A bagpipe’s distinctive skirl sounded the start of the 2011 ordination Mass May 28 at the Cathedral of St. Paul, where five “young, eager men” — including a native of Scotland — became priests for the Archdiocese of St. Paul and Minneapolis.
Archbishop John Nienstedt twice referred to these graduates of the St. Paul Seminary as young and eager before ordaining Fathers James Lannan, Jonathan Joseph Kelly, Cole Thomas Kracke, Nathan William LaLiberte and Anthony Joseph Martin O’Neill, the Scot.
Ordaining new priests makes for a happy day, the archbishop said. “As a bishop, there is nothing I do that is so awesome.”
He challenged the newly ordained to “speak with the mind of Christ, listen with the heart of Christ, and see with the eyes of Christ.”
The same yet different
Be servant leaders, Archbishop Nienstedt urged, and know that you are earthen vessels, human like the rest of us.
“Delegate, collaborate, share the burdens,” he said. “One of the great lessons of our time is that priests shouldn’t have to pastor the parish all by themselves,” and he urged the new priests to take advantage of the many talents of lay people.
He noted, though, that “priesthood is not just one of many ecclesial ministries” but unique.
“The priest stands with Christ as teacher, priest and shepherd.”
Be men of prayer — and of Mary
Priests musts have a disciplined prayer life and a friendship with Jesus Christ, the archbishop said, and he urged the newly ordained to follow the lead of the late and newly Blessed Pope John Paul II in his deep devotion to the Blessed Virgin Mary.
“John Paul told us to take Mary into the interior of our priesthood, and especially in challenges to turn to Mary.

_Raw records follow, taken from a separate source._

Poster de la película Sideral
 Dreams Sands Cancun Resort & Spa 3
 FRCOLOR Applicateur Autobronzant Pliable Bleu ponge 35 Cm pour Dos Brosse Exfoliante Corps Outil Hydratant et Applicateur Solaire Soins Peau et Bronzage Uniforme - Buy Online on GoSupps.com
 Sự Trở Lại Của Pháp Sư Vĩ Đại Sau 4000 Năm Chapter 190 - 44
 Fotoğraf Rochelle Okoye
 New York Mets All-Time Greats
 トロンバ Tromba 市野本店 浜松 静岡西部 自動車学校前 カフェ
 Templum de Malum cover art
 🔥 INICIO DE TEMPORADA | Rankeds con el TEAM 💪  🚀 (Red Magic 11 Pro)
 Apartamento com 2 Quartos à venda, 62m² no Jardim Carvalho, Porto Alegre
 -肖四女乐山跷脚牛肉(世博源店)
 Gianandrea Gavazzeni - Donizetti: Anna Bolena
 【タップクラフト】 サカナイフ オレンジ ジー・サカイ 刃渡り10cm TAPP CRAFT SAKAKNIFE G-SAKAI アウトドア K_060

The priest is called to obedience, celibacy and simplicity of lifestyle,” Archbishop Nienstedt said. “Trust yourself and your mysterious vocation to her and you will always be close to Christ.”
Many owed gratitude
The archbishop thanked the new priests’ parents, family, parish priests and friends for supporting the men through the discernment and formation process.
“The calling to priesthood is a marvelous mix of nature and grace,” Archbishop Nienstedt said. “Let me offer a word of heartfelt thanks to all of you who assisted in that process.”
All of the new priests entered the seminary during the episcopal tenure of former Archbishop Harry Flynn, who was present in the sanctuary for their ordination.
Archbishop Nienstedt extended a special note of gratitude to the archbishop-emeritus for “the influence you had on these men,” and a long applause sounded throughout the cathedral.
After the liturgy, the newly ordained were stationed in various chapels of the cathedral to offer their blessings to, first, their parents, then family, friends and well-wishers.
One for the Scots
The bagpiper’s tones were a musical deference to Glasgow-born Father O’Neill.
“He does Scotland great credit,” offered Stuart Hoarn, who took photographs as the new Father O’Neill offered his first blessing to his parents, Sean and Eilis, who traveled from Scotland for the ordination.
“He’s got a huge heart,” said Hoarn, former president of the Minnesota Coalition of Scottish Clans. “This man has heart and a generous spirit. He’ll bring a tenderness [to the priesthood], for such a big man.”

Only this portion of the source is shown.